Create a Chat session for multi-turn conversations.

Returns a Chat object that stores conversation history and allows generation with append() support.

Streaming Behavior

Chat instances default to streaming (stream=True) when called via chat(prompt) or chat()(prompt). This returns StreamingResponse with tokens arriving incrementally, providing immediate feedback and matching industry standard for chat interfaces.

To disable streaming and get complete Response after generation finishes, pass stream=False:

>>> chat = client.chat()
>>> response = chat("Hello!", stream=False)  # Response (non-streaming)
>>> print(response.text)  # Immediately available

For streaming (default):

>>> for token in chat("Hello!"):  # StreamingResponse
...     print(token, end="", flush=True)
Parameters
system

System prompt.

messages

Initial message history (for restoring sessions).

model

Default model for this chat (not yet supported).

config

Default generation config for this chat. Profile persistence (if configured on Client) is also applied.

session_id

Optional session identifier for this chat.

parent_session_id

Optional parent session identifier for forks.

marker

Session marker for storage backends (default: "" = normal/unmarked). Values: "pinned", "archived", "deleted", or "" (normal).

metadata

Optional session metadata dict.

chat_template

Custom chat template (None uses model default, use explicit None for raw completion without template formatting).

offline

If True, disallow network access when resolving model URIs.

Returns

Chat object for multi-turn interaction.

Raises
StateError

If the client has been closed.

NotImplementedError

If messages parameter is provided (not yet supported).

Example
>>> chat = client.chat(system="You are a pirate.")
>>> response = chat("Hello!")
>>> response = response.append("Tell me about your ship")
>>> print(chat.items)  # Full history

def close(self)None

Close client and release resources.

Closes all model connections. After calling close(), the client cannot be used for generation. Safe to call multiple times.

def embed(
    self,
    text: str,
    model: str | None = None,
    pooling: str = 'last',
    normalize: bool = True
)list[float]

Extract embedding from text.

Runs the full transformer forward pass and returns pooled hidden states as a dense vector embedding.

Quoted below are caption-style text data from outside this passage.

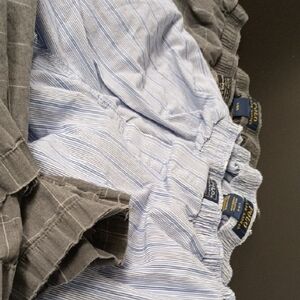 2 Polo Pajama Pants Large Excellent Condition No Visible Flaws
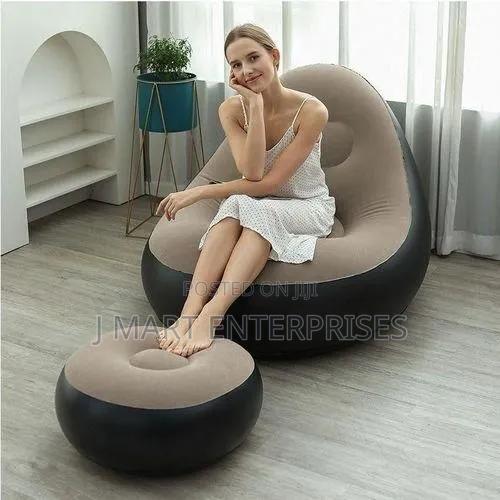 Inflatable Lounge Chair For Adults, Folding Portable Lazy Sofa - main view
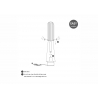 Lauavalgusti CAPRI puit / suitshall, D10xH33 cm, E27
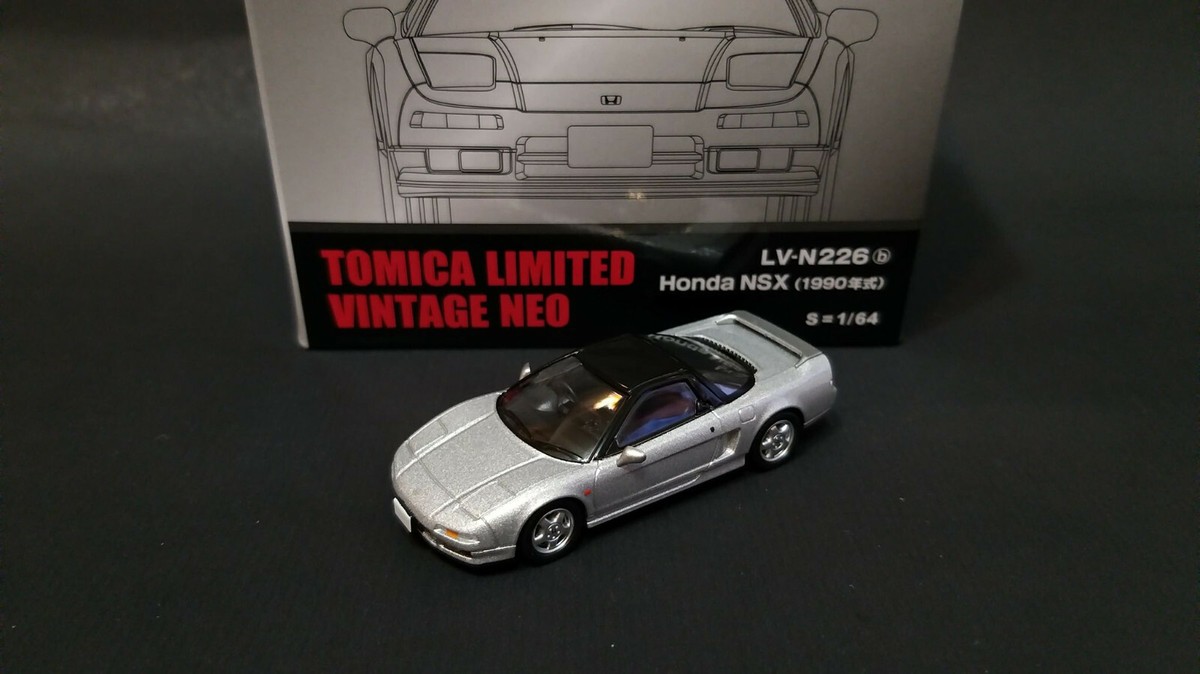 TOMICA LIMITED VINTAGE NEO Honda NSX LV-N226b (Silver) ~ 1/64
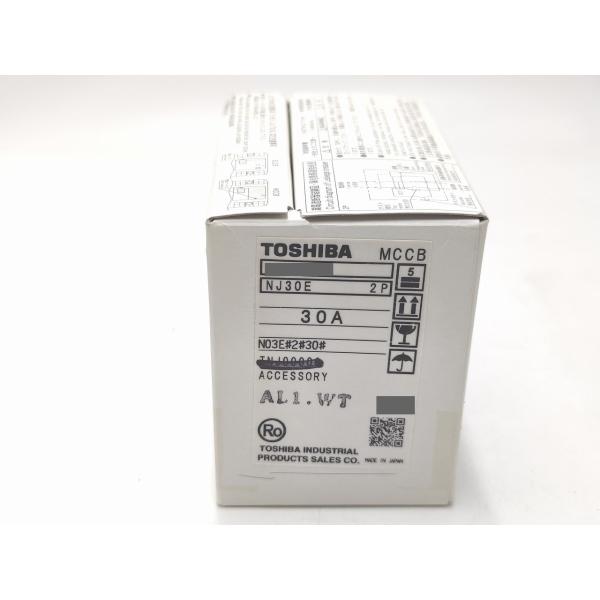 インボイス対応 箱いたみマジック書込あり 未使用 東芝 NJ30E 2P 30A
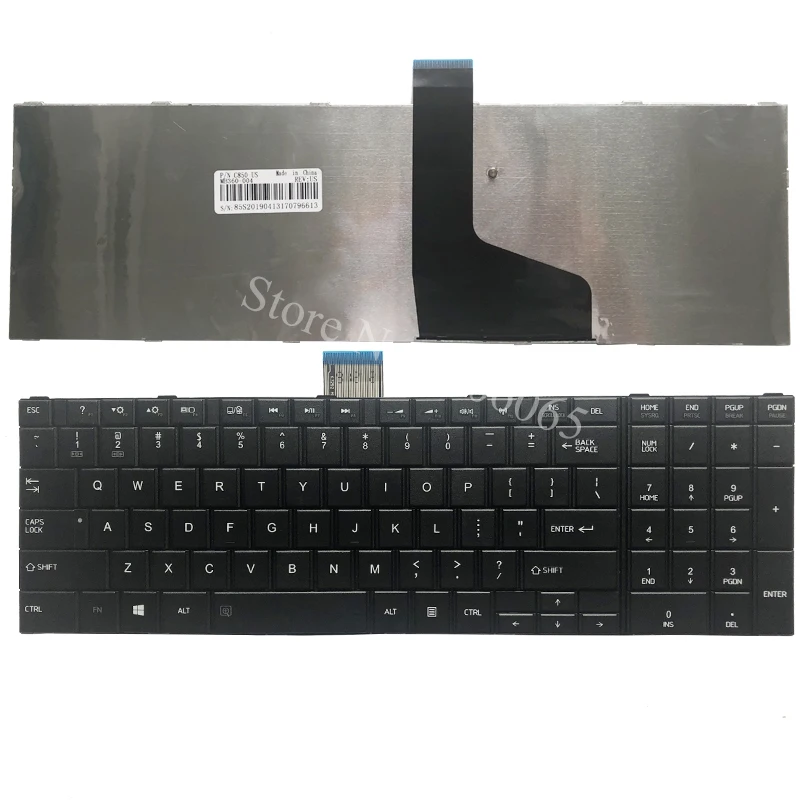 Новый для TOSHIBA SATELLITE C850 C850D C855 C855D L850 L850D L855 L855D L870 L870D США черный ноутбук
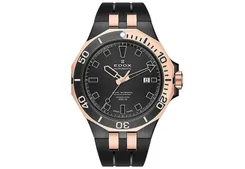Edox Delfin Mecano 85303 Uhrenarmband Schwarz
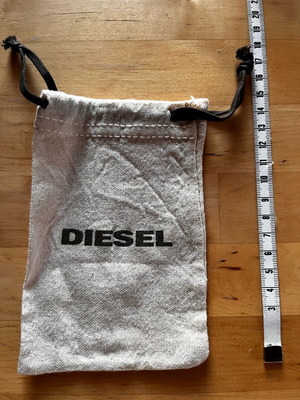 Diesel fabric pouch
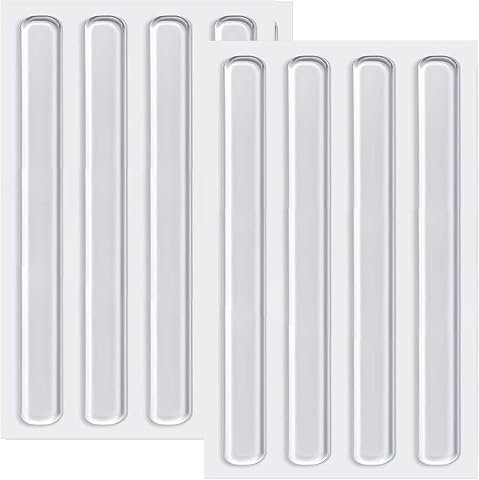 8 Piezas Parachoques para Muebles, Parachoques para Puertas de Gabinetes Transparentes de Silicona Tiras Adhesivas para Parachoques para Muebles 15 cm Parachoques para Muebles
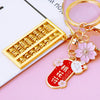 Metal Lucky Charm Abacus Women's Keychain Bag Pendant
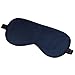 Produktbild Q.KIM 100% Seide Maulbeerseide Schlafmaske Augenmaske Augenbinde für Frauen und Männer Reisen Meditation Silk Eye Mask - Strapazierfähiges verstellbares Kopfband(blau)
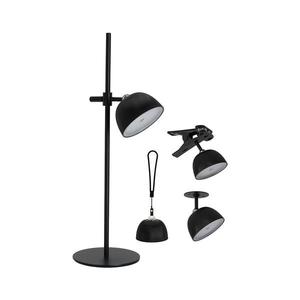 LED Stmievateľná nabíjacia stolná lampa LED/3, 5W/5V 3000/4000/6500K čierna KLLACZA vyobraziť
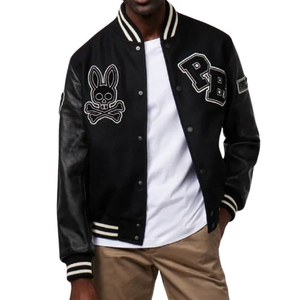 Wholesale Oversized <b>Yellow</b> Front Custom Logo Windproof Embroidered Motorcycle Jacket Men Autumn - Product Image 1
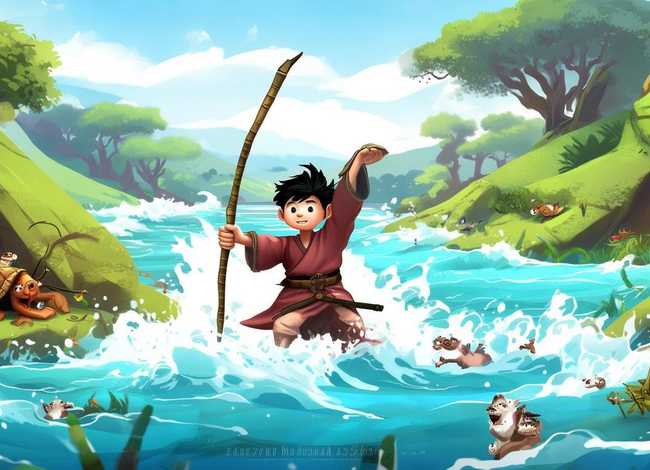 大禹治水的故事儿童版英文，大禹治水的故事英语版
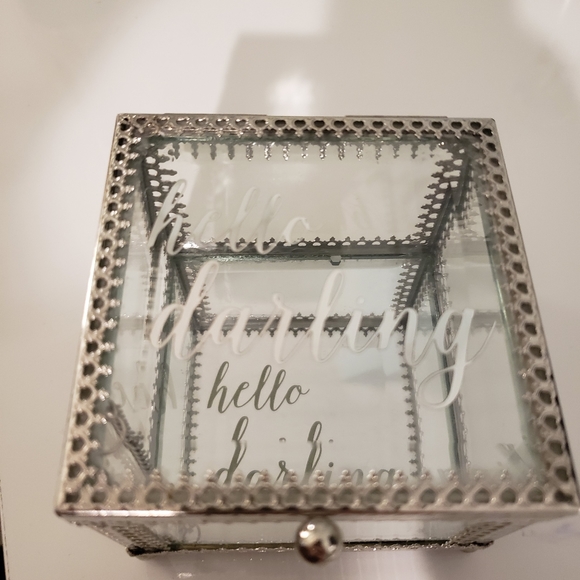 Nicole Miller Glass Jewelry Box - Picture 3 of 4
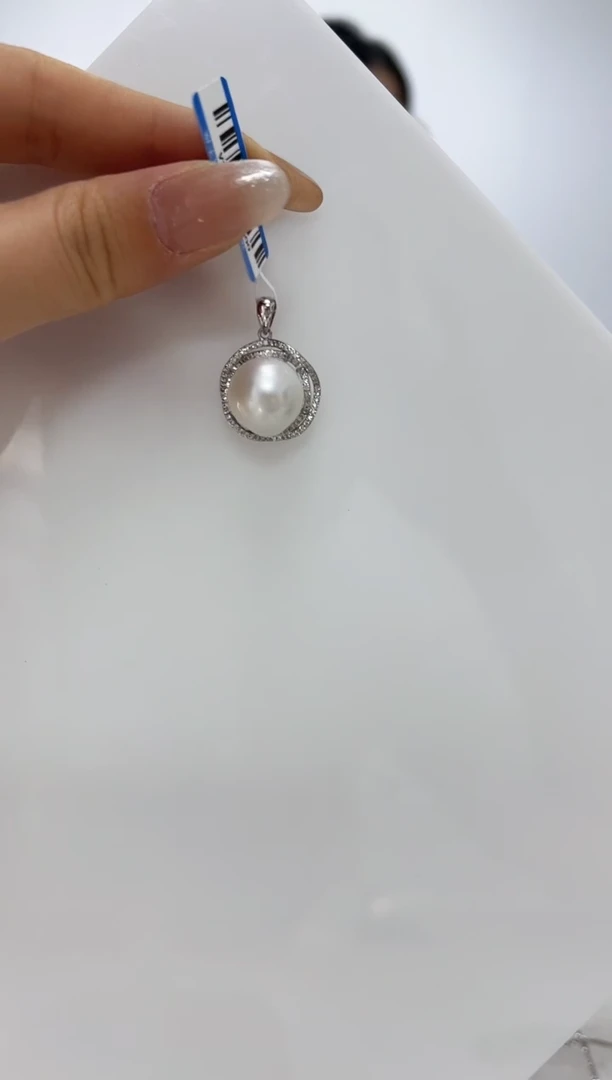 【闪购商品】海水珍珠DA银S925镶嵌吊坠 13 V2817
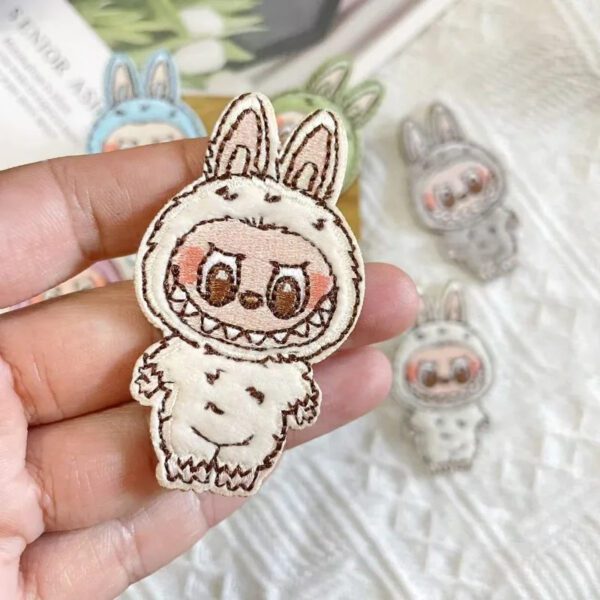 Embroidered Labubu Clothes Sticker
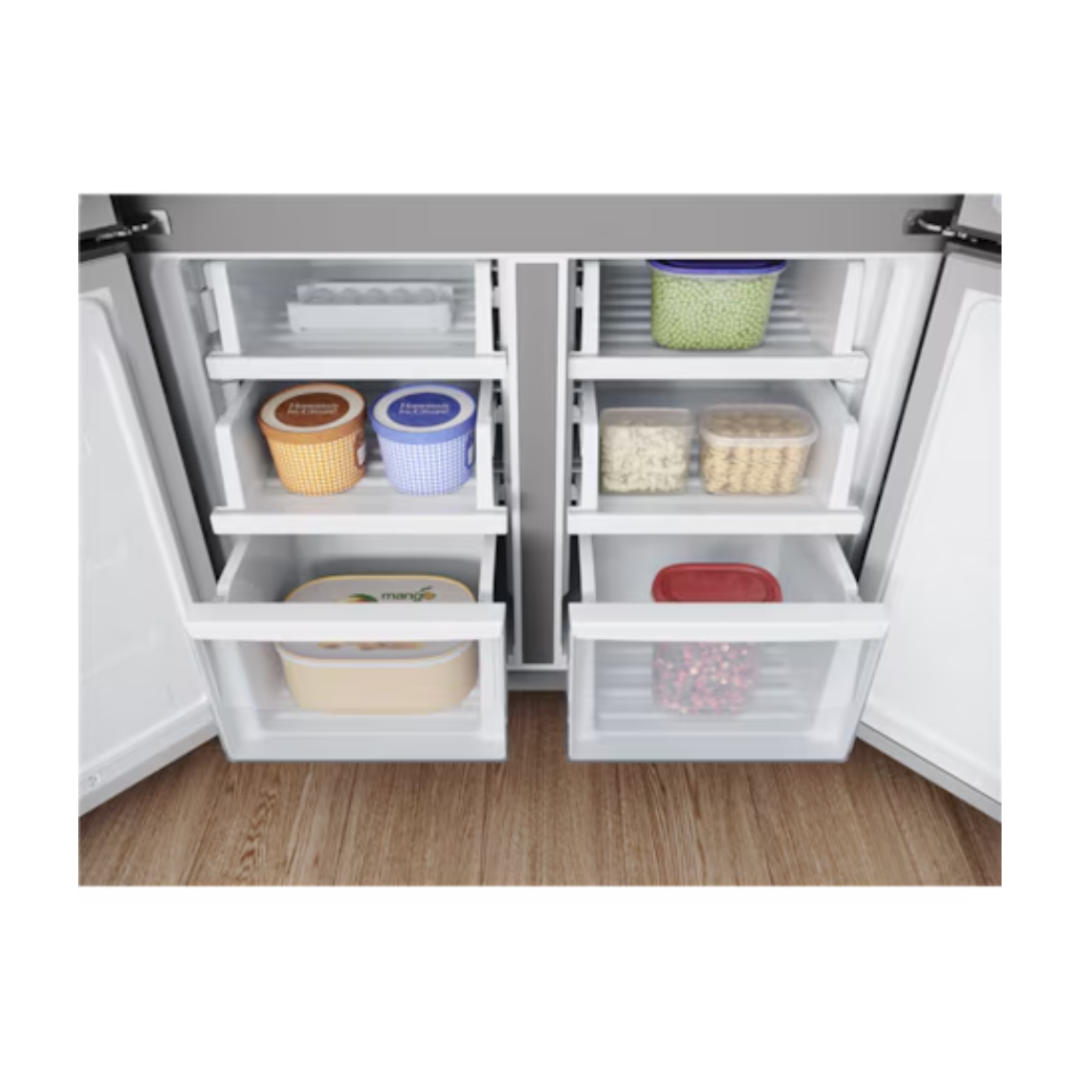 Westinghouse 564L Quad Door Fridge Matte Charcoal Black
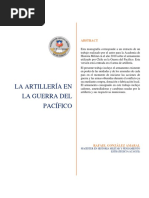 Artillería en La Guerra Del Pacífico. González Amaral PDF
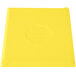 A yellow rectangular Tablecraft cast aluminum cooling platter.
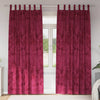 VidaXL Samtvorhänge 2 Stk. Weinrot 225 x 140 cm Samt
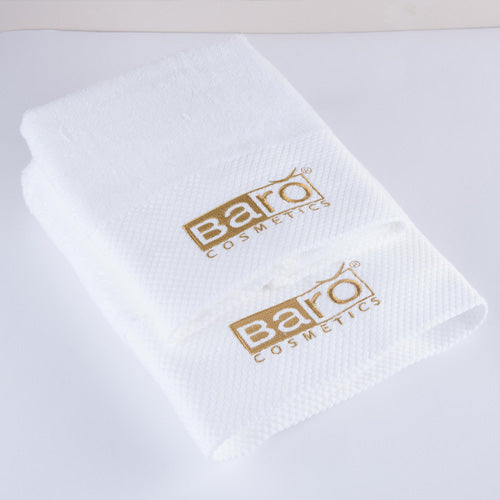 Set 2 asciugamani bianchi Baro
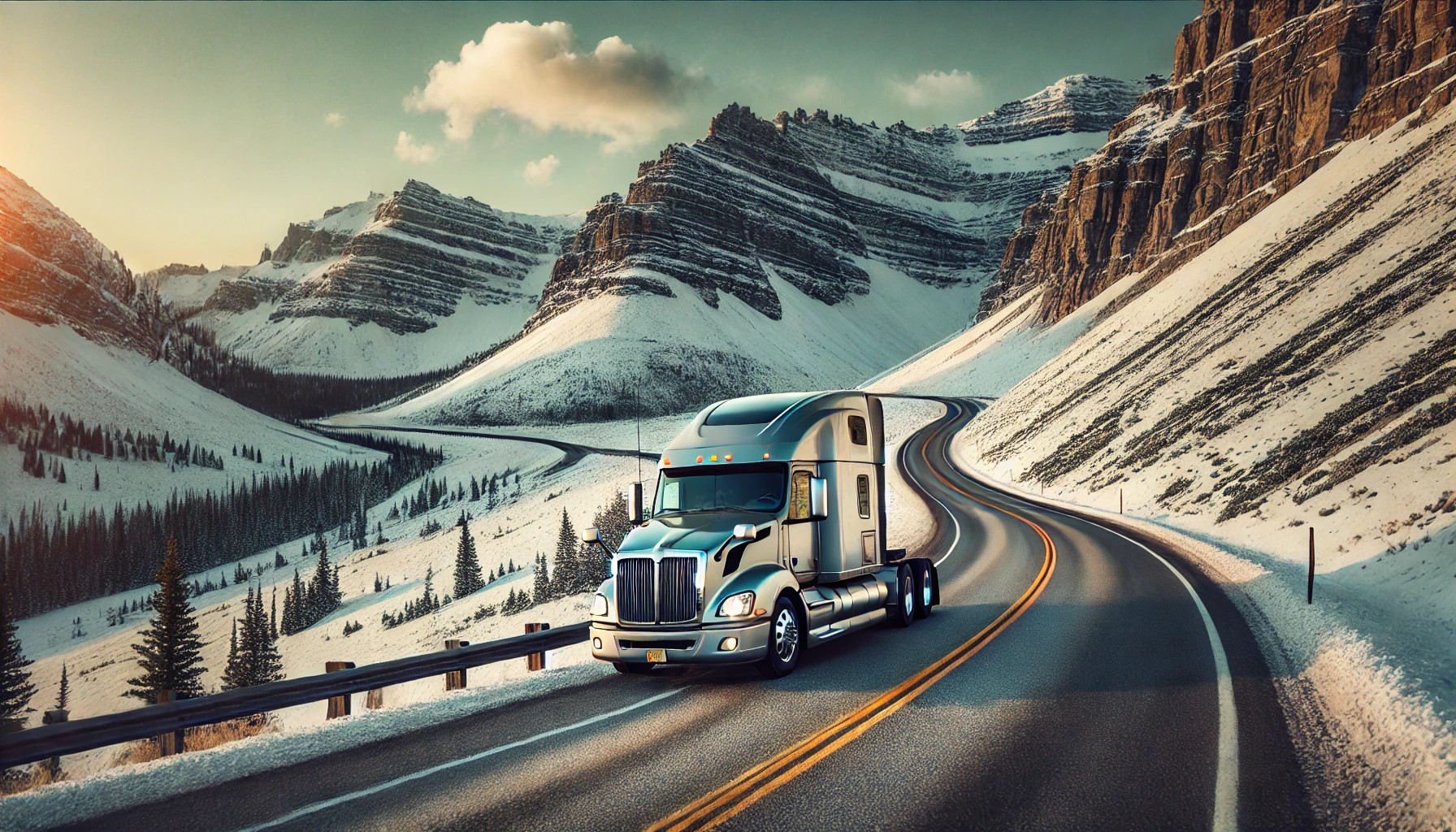 Montana highways: where the roads are long, the scenery is breathtaking, and winter driving is not for the faint of heart. 🚚❄️ Would you take on these routes?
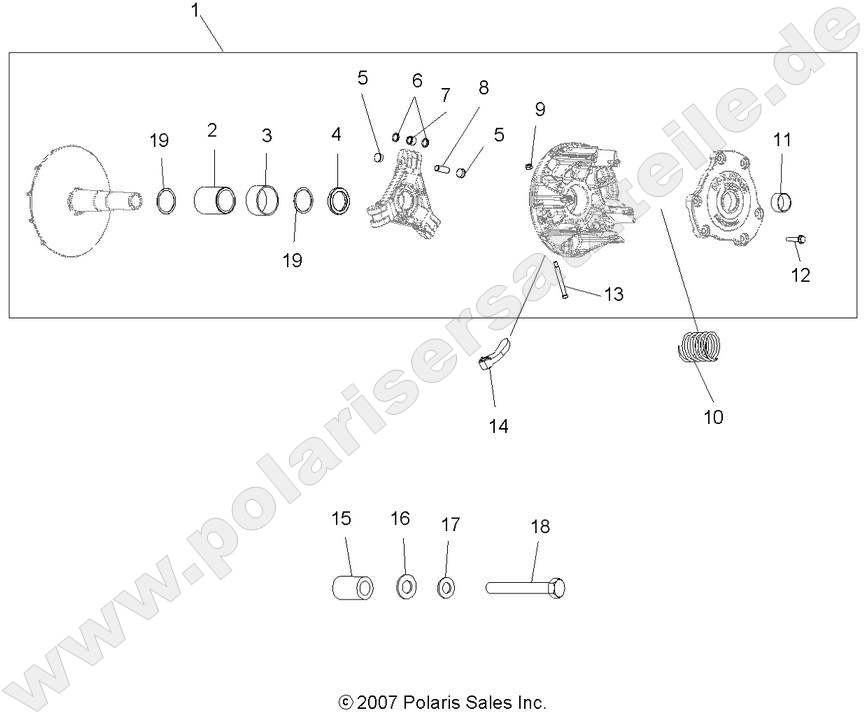 DRIVE TRAIN, PRIMARY CLUTCH DRIVE TRAIN, PRIMARY CLUTCH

Useful for semantic search, RAG, and document similarity.

Parameters
text

Input text to embed.

model

Model to use (overrides default_model).

pooling
  • Pooling strategy:
  • "last" (default): Last token's hidden state (best for decoder models)
  • "mean": Average of all token hidden states
  • "first": First token (CLS token for BERT-style models)
normalize

Whether to L2-normalize the output embedding. Default True.

Returns

List of floats representing the embedding vector. Length equals the model's hidden dimension (d_model).

Raises
StateError

If the client has been closed.

ValidationError

If pooling strategy is invalid.

GenerationError

If embedding extraction fails.

Example
>>> client = Client("Qwen/Qwen3-0.6B")
>>> embedding = client.embed("Hello, world!")
>>> len(embedding)  # d_model (e.g., 1024)
Example - Semantic similarity
>>> emb1 = client.embed("The cat sat on the mat")
>>> emb2 = client.embed("A feline rested on the rug")
>>> similarity = sum(a*b for a, b in zip(emb1, emb2))  # cosine sim (if normalized)

def embed_batch(
    self,
    texts: list[str],
    model: str | None = None,
    pooling: str = 'last',
    normalize: bool = True
)list[list[float]]

Extract embeddings from multiple texts.

Parameters
texts

List of input texts to embed.

model

Model to use (overrides default_model).

pooling

Pooling strategy ("last", "mean", "first").

normalize

Whether to L2-normalize the output embeddings.

Returns

List of embedding vectors, one per input text.

Raises
StateError

If the client has been closed.

Example
>>> embeddings = client.embed_batch([
...     "First document",
...     "Second document",
... ])

def embedding_dim(self, model: str | None = None)int

Get the embedding dimension for a model.

Parameters
model

Model to query, or None for default.

Returns

The embedding dimension (d_model).

Raises
StateError

If the client has been closed.

def raw_complete(
    self,
    prompt: str,
    system: str | None = None,
    model: str | None = None,
    config: GenerationConfig | None = None,
    completion_opts: CompletionOptions | None = None,
    kwargs: Any
)Response

Raw completion without chat templates.

Sends prompt directly to model without formatting. This is a technical use case for prompt engineering and advanced control. Most users should use client.chat().send() with chat templates instead.

The ONLY difference from chat-based completion
  • Chat uses the model's chat template (adds role markers)
  • raw_complete() does NOT apply any template (sends raw prompt)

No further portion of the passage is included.